Maple is costly around these parts if that is what you will be using for the face frames.
Maple plywood is fairly expensive also...$50 plus at our local big box stores. Cabinet grade from local lumber yard is more expensive. I used pre-finished Birch for our cabinet carcases. No finishing on the inside required.

So basically, each cabinet would be 34 1/2 inches tall with a toe kick built in. However, if the house is old with an unlevel floor, then it might be better to build ladder frames, install and level, then build the cabinets 31 inches tall so they will sit on top. Regardless, keep the height less than 32 inches so the plywood can be cut and not have a lot of waste. At 34 1/2 inches, other parts can be cut from the off cuts.


----------



## 96BelisleAs (Aug 13, 2013)

Stick486 said:


> 4,000 won't even begin to cover...
> use a big box design program...
> get prices w/ and w/o installation...
> you'll see...
> ...


I personally believe there is enough budget for me to buy the supplies and still get paid a decent amount. We shall see. 



MT Stringer said:


> And the Sink/Stove side.
> 
> Hope this helps you think about what all will be entailed such as...
> 
> ...


Thanks a lot for the digital mock up. Its pretty much exactly what it will be minus the cabinet between the sink and stove are going to be 3 drawers. Much better than my quick sketch. I did price Maple and you are right its around $50 a sheet, however if needed I can get 20% off all my purchases at lowes. I did look at Birch but decided on Maple if its doable. The dimensions I am choosing are 22 1/4 by 34 1/2. Though that might change depending on his floor. I also plan to install 1/4 backing to the cabinets. It is if his walls are at 90 degrees or not.


----------



## Cherryville Chuck (Sep 28, 2010)

The main issue I see with your sketch is the corners. Corners are always a bit of a problem. With square corners you'll need a hinged door that folds at the corner and one as wide as the sketch shows will be impractical. Some incorporate a lazy susan in them but this drives up cost and usually means you are only storing small items on the lazy susan. The other normal is shelves used to store things like mixers and crock pots where you have to dig out what you want. The cavities are deep and wide but the openings are usually small. That means the boxes on either side will be wider than you show.

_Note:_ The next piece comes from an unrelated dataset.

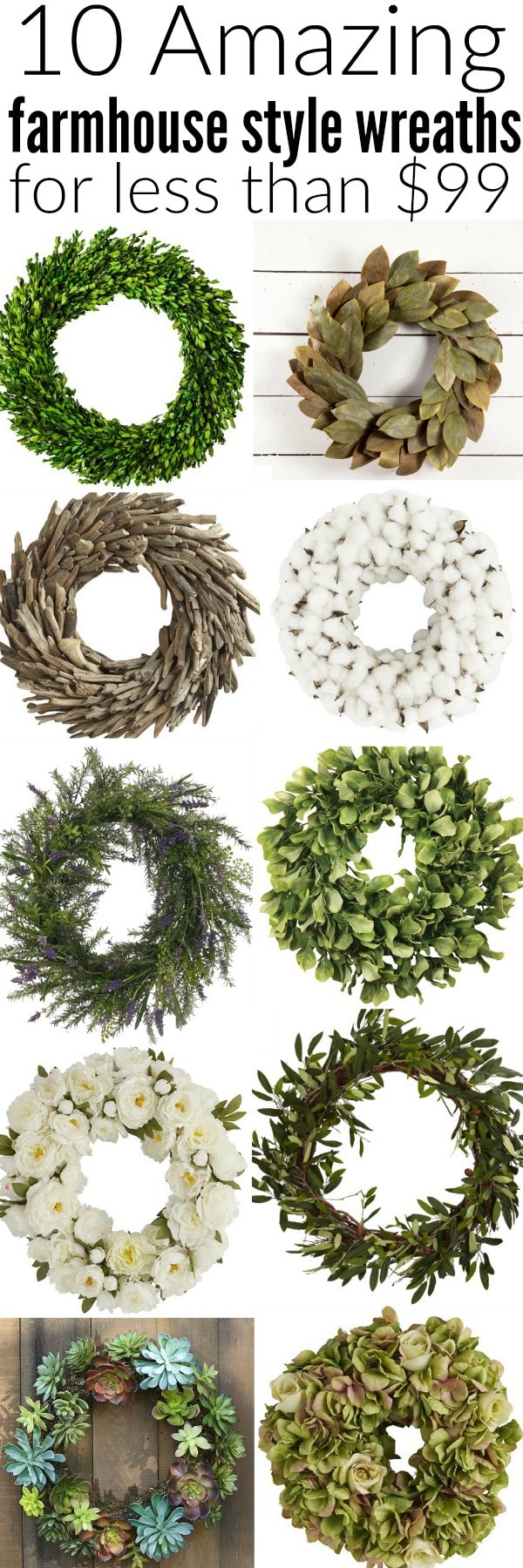 The best farmhouse style wreaths! A must pin if you are shopping for wreaths! They are great for indoors, outdoors, doors, centerpieces, walls, & so much more!!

I can't get down on my hands and knees anymore to search for things on the back of a lower shelf and my wife is getting close to the same so the last cupboards I built for us has slide out shelves and I would never build anything else now. Basically they are shallow boxes but it would drive up the price noticeably to do that but you get a lot of value for that money. I could post pictures of them tomorrow if you would like to see.


----------



## 96BelisleAs (Aug 13, 2013)

Cherryville Chuck said:


> The main issue I see with your sketch is the corners. Corners are always a bit of a problem. With square corners you'll need a hinged door that folds at the corner and one as wide as the sketch shows will be impractical. Some incorporate a lazy susan in them but this drives up cost and usually means you are only storing small items on the lazy susan. The other normal is shelves used to store things like mixers and crock pots where you have to dig out what you want. The cavities are deep and wide but the openings are usually small. That means the boxes on either side will be wider than you show.
> 
> I can't get down on my hands and knees anymore to search for things on the back of a lower shelf and my wife is getting close to the same so the last cupboards I built for us has slide out shelves and I would never build anything else now. Basically they are shallow boxes but it would drive up the price noticeably to do that but you get a lot of value for that money. I could post pictures of them tomorrow if you would like to see.


You are misreading the sketch. The 36" measurement is the amount of space it takes up on the wall not the door. The cabinet face would take up around 18 inches. The person wants the corner cabinets. And requested one lazy susan lower and one upper. 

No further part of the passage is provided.